An exemplary method for simulating an injection molding process may include first generating a mesh model of a structure, and generating a mesh model of an injection unit molding machine, including at least a screw tip of the injection unit. The method may then include providing the ability to specify a material to be injected into the structure, configuring parameters in different zones of at least the injection unit, combining the mesh models of the structure and the injection unit, and providing the ability to apply at least one of a velocity and a pressure profile of the screw tip. The method may then include running a simulated operation of the combined mesh models of the injection unit and the structure.

Description

    CROSS-REFERENCE TO RELATED APPLICATION
  • This application claims priority to U.S. Provisional Application No. 62/595,705 filed Dec. 7, 2017 and hereby incorporated by reference in its entirety.
  • FIELD OF TECHNOLOGY
  • The present disclosure pertains to a predictive simulation system and method for an injection molding process.
  • BACKGROUND
  • Injection molding is a common manufacturing process in which a material, including, but not limited to, thermoplastic, thermoset, or elastomer material, is injected into a mold.

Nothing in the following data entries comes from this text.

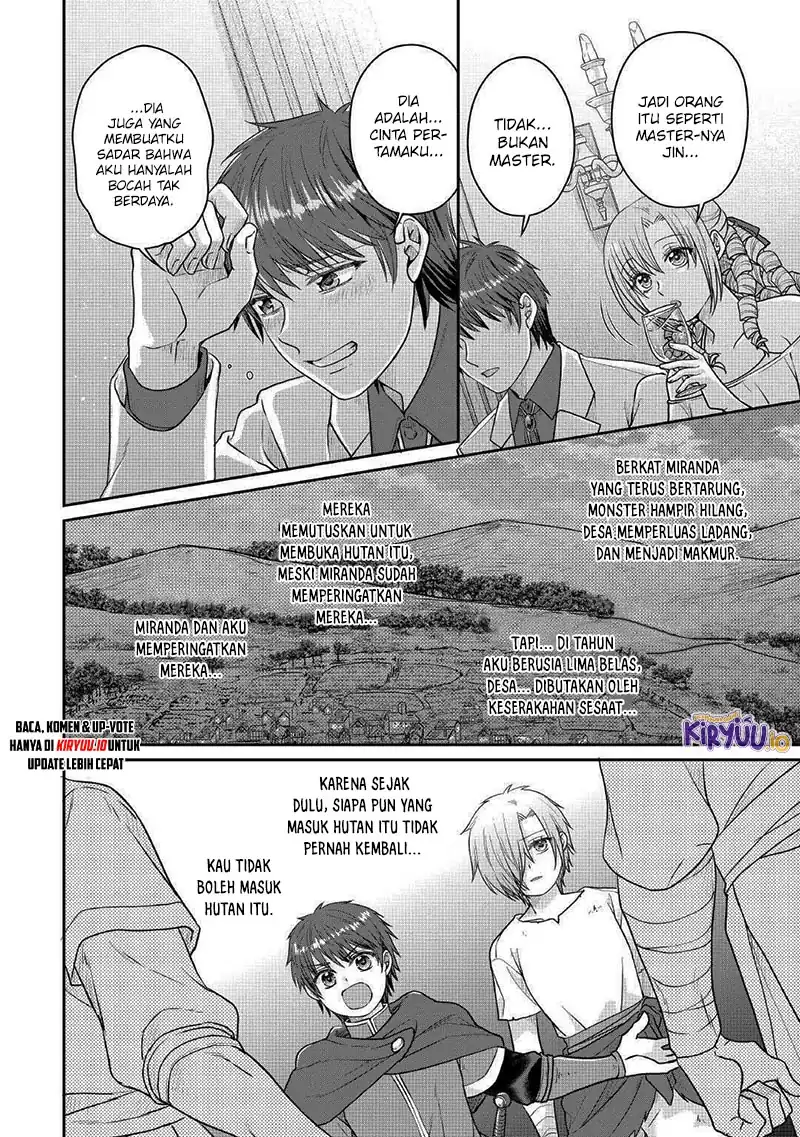 Chapter 109 - halaman 19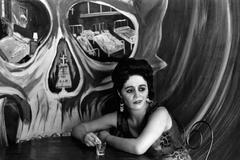 Graciela Iturbide (Mexiko). Cena za celoživotní přínos fotografii, Sony World Photography Awards 2021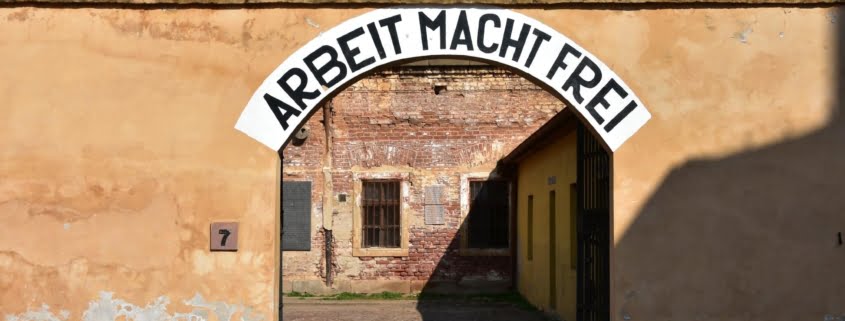 Obóz koncentracyjny Terezín Obóz koncentracyjny Terezín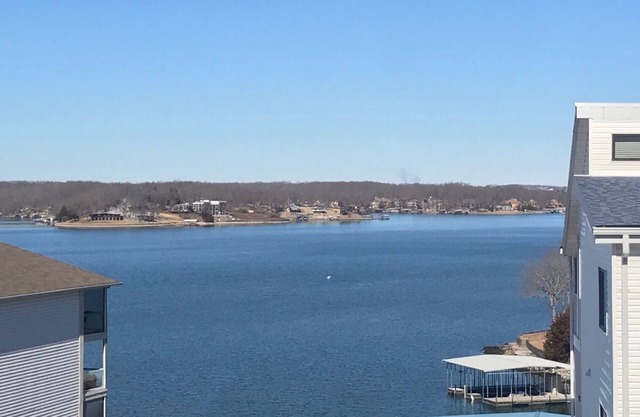 LOCATION, LOCATION, AND LOCATION!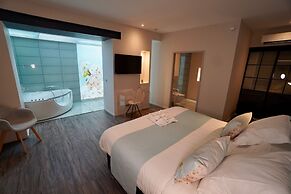 HOTEL DU LION D OR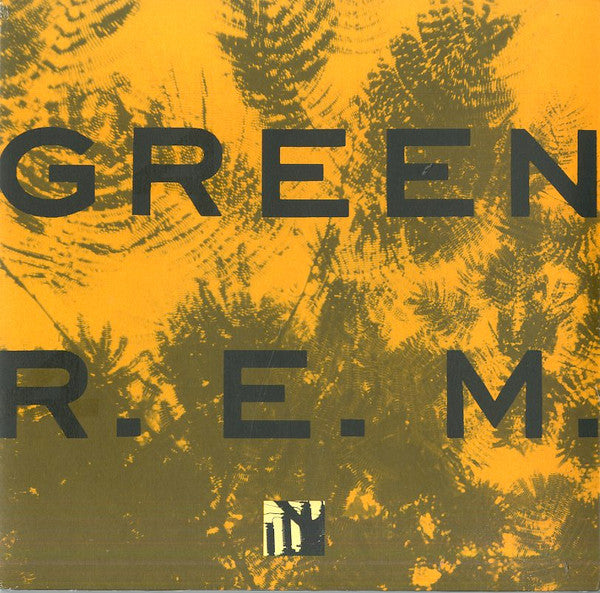 R.E.M. – Green (25th Anniversary Remaster) (Arrives in 4 days )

A typical injection molding system includes an injection unit, a mold, and a clamp unit, where the injection unit injects the material under certain parameters and conditions into the mold, during which the clamp unit holds the mold closed.
  • Simulation programs have been developed to simulate the injection molding process so that molds, injection parameters, and the like could be optimized prior to actually injection molding parts in mass to ensure higher quality and consistency of the parts. Such simulation programs have focused primarily on modeling the mold only. As a consequence, injection pressure has not been able to be consistently predicted, as it is named as “pressure loss” or “sprue pressure”, and therefore, discrepancies between prediction and actual molded parts such as cavity pressure, part dimension, clamp force requirement, etc. can be observed.

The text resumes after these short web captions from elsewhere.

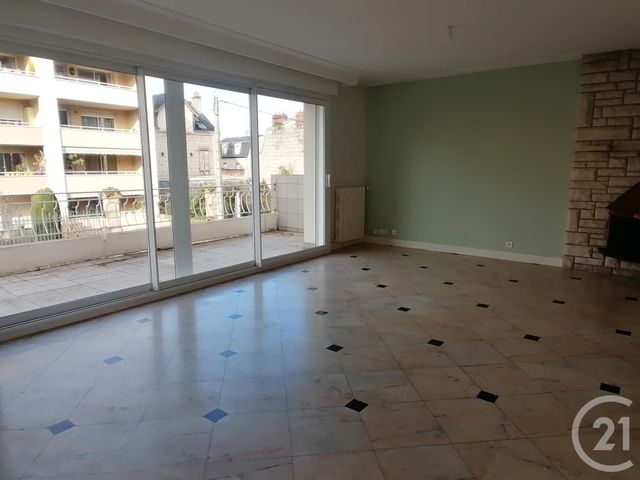 Appartement Duplex &agrave; louer - 4 pi&egrave;ces - 112,48 m2 - Brive La Gaillarde - 19 - LIMOUSIN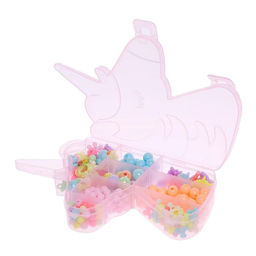 Набор для бисероплетения Волшебные бусины - Simaland фото 2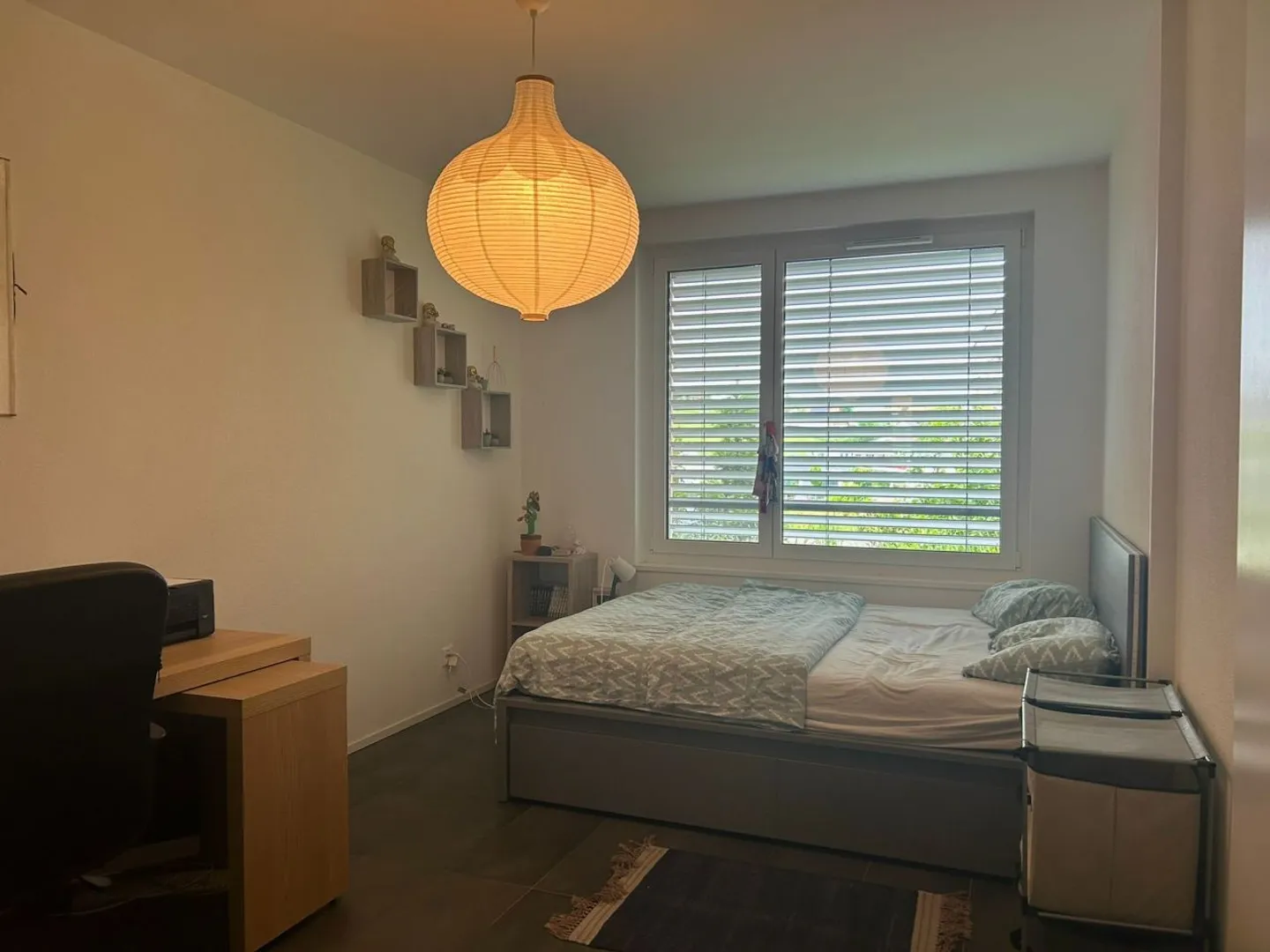 Appartement à louer - Photo 4 sur 6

  • Accordingly, an improved system and method is presented that more effectively simulates an injection molding process to minimize discrepancies during injection molding processes and avoid any defects in the resulting products.
  • BRIEF DESCRIPTION OF THE DRAWINGS
  • Referring now to the drawings, illustrative embodiments are shown in detail. Although the drawings represent some embodiments, the drawings are not necessarily to scale and certain features may be exaggerated, removed, or partially sectioned to better illustrate and explain the present disclosure. Further, the embodiments set forth herein are not intended to be exhaustive or otherwise limit or restrict the claims to the precise forms and configurations shown in the drawings and disclosed in the following detailed description.

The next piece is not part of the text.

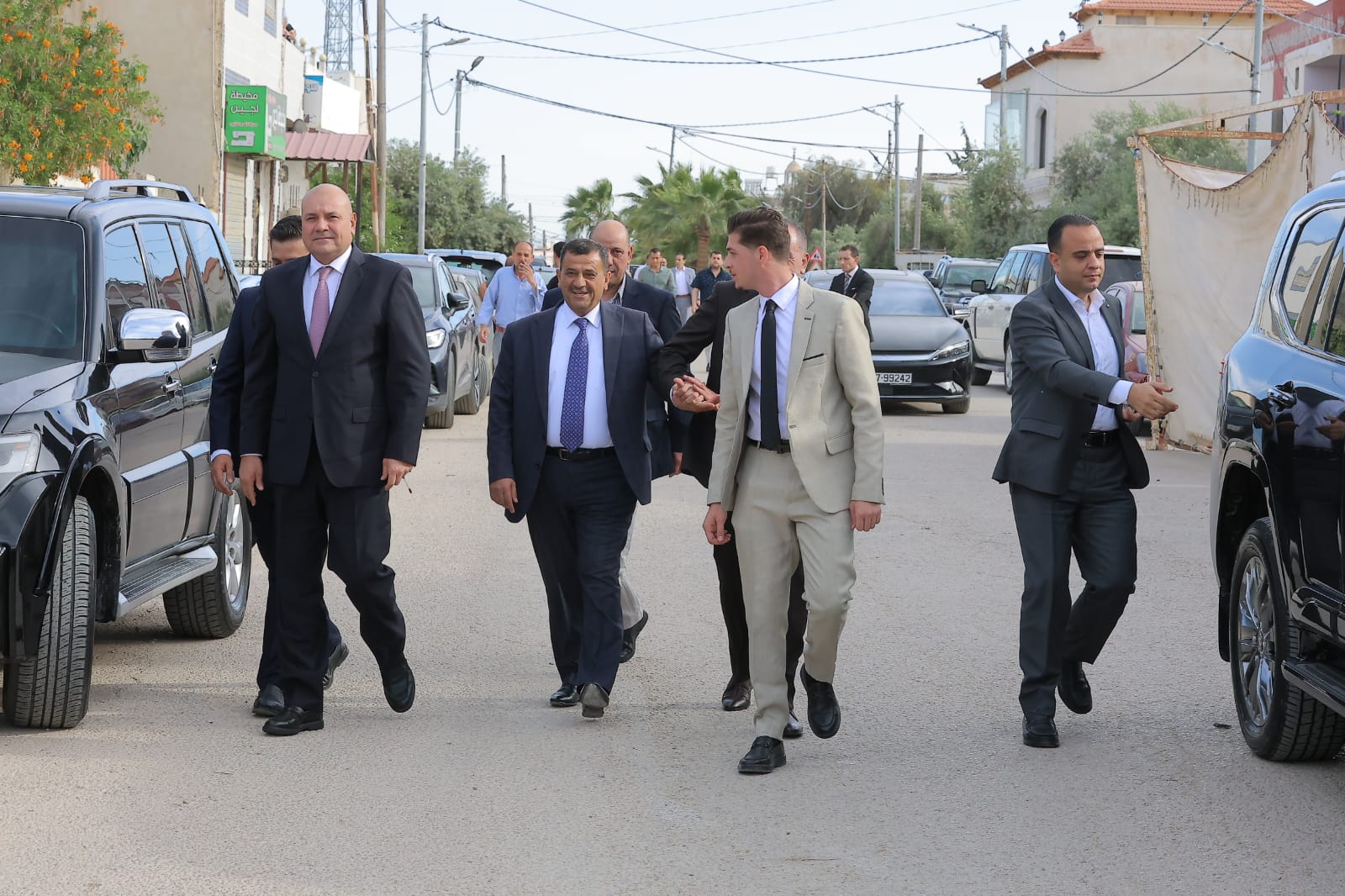 Madar Al-Saa Images 0.08719974071221814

  • FIG. 1 is a schematic system and data flow diagram of an exemplary simulation system and the data exchange therein;
  • FIG. 2 is a schematic diagram of the force and pressure distribution of an injection molding machine of the simulation system of FIG. 1;
  • FIG. 3 is a schematic flow diagram of an exemplary method for using the simulation system of FIG. 1 to accurately obtain variables to use in a real-time injection molding process;
  • FIG. 4 is a schematic flow diagram of an exemplary simulation method for simulating the injection molding process;
  • FIG. 5A is an exemplary mesh domain of a mold structure generated during the simulation method of FIG. 4;
  • FIG. 5B is an exemplary mesh domain of an air cavity structure generated during the simulation method of FIG. 4;
  • FIGS. 6A-6C are graphic illustrations of a progression of the simulation method;
  • FIGS. 7A and 7B are graphical comparisons of injection pressure and cavity pressure as functions of time resulting from the simulation of FIG. 3, an existing simulation approach, and an actual injection molding output;
  • FIG. 8 is an exemplary graph of predictive data that is output by the system of FIG. 1;
  • FIG. 9 is a graphical comparison of the predictive data from FIG. 8 with actual measured data; and
  • FIGS. 10 and 11 are exemplary graphs of predictive data that is output by the system of FIG. 1.
  • DETAILED DESCRIPTION
  • Methods, systems, and apparatus, including computer programs encoded to perform calculation, predict the requirement of key injection molding machine specification, confidence of mold cavity fill and progression, molding machine-dependent process parameters and potential molding issues without the need of any prior measurement data or trial operation for the simulation inputs. The method proceeds to mesh and connect both the injection mold and machine component dimensions, including, but not limited to, the injection unit configuration and its process parameters. The method may simulate the screw/plunger dynamic movement and calculate the melt transfer from the injection unit, or hot runner if applicable to the mold cavity. With this method, the process compatibility of mold and machine can be assessed more precisely and process development can be optimized and completed prior to the tool tryouts.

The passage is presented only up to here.